[[ Source data, beginning ]]

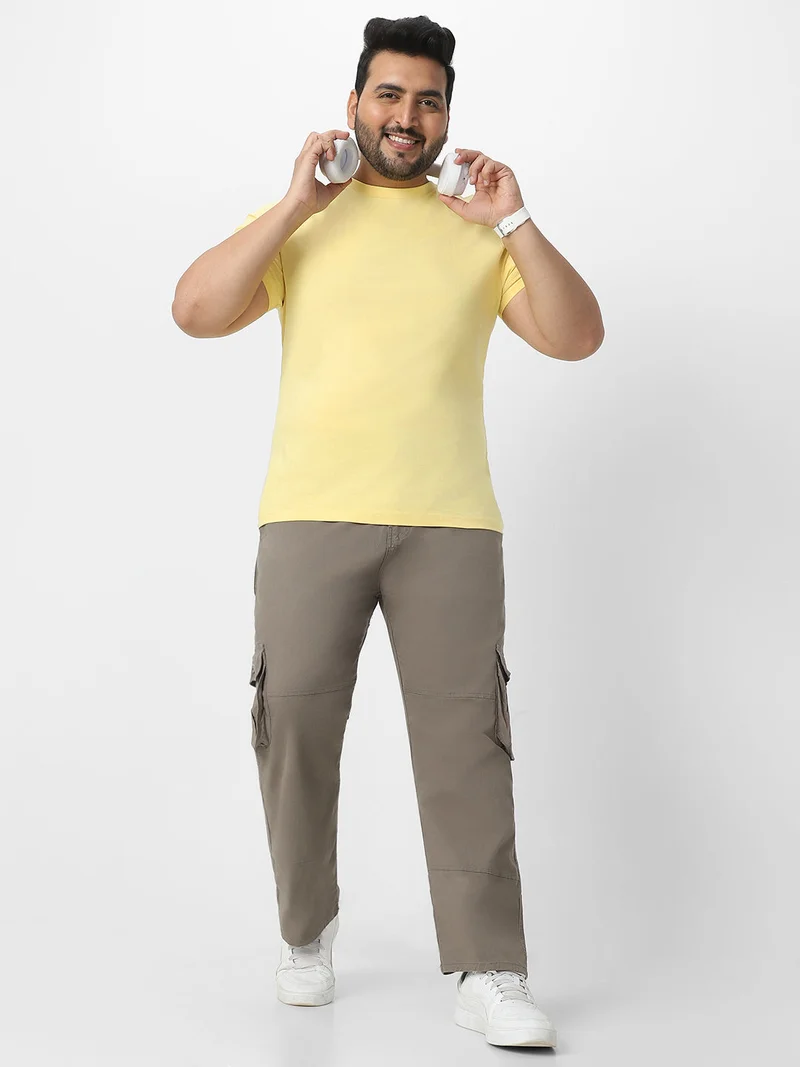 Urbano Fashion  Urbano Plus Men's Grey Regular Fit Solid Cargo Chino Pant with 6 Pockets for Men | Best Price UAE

[[ Source data, end ]]
[[ Source data, beginning ]]

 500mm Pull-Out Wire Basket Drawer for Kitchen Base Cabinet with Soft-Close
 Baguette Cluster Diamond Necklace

[[ Source data, end ]]
[[ Source data, beginning ]]

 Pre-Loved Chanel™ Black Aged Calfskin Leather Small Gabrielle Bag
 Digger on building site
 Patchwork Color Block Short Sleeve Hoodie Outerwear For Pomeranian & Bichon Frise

[[ Source data, end ]]

- Exercise objective
Search the listing above for the lines with "Pre-Loved Chanel™ Black" and "Patchwork Color Block", then output those lines and all lines between them exactly.

- Worked solution
 Pre-Loved Chanel™ Black Aged Calfskin Leather Small Gabrielle Bag
 Digger on building site
 Patchwork Color Block Short Sleeve Hoodie Outerwear For Pomeranian & Bichon Frise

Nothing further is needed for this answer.